■ About this exercise ■
With the pictures left out, restate exactly the part below that opens with the line containing "Apartamento Luminoso En" and closes with the line containing "Pokemon TCG Destined".

■ Records for this task ■
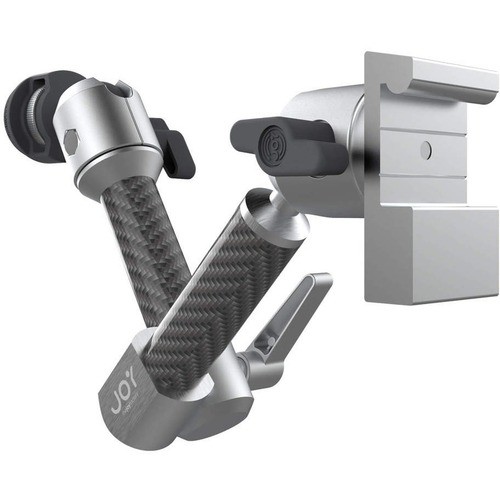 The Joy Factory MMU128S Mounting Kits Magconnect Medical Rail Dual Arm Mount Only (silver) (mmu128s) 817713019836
---
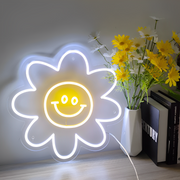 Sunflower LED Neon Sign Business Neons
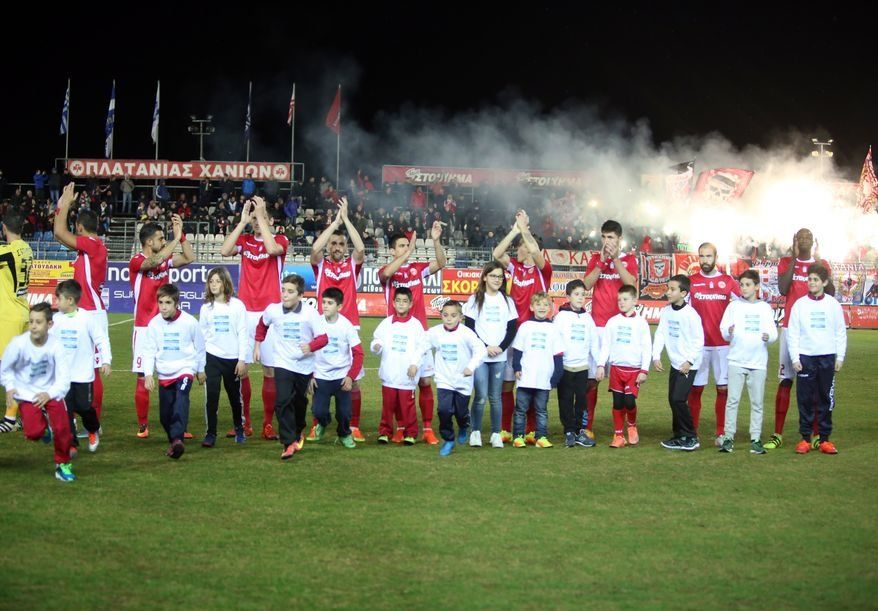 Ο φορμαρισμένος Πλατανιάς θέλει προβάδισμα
==
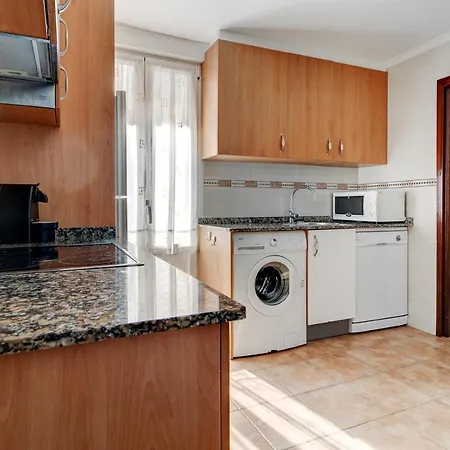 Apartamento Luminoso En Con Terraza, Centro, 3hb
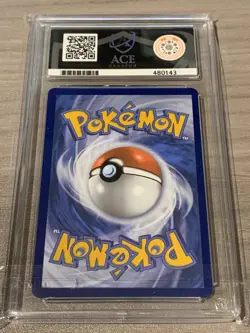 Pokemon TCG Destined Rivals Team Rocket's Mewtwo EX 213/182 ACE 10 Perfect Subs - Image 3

■ Expected output ■
 Apartamento Luminoso En Con Terraza, Centro, 3hb
 Pokemon TCG Destined Rivals Team Rocket's Mewtwo EX 213/182 ACE 10 Perfect Subs - Image 3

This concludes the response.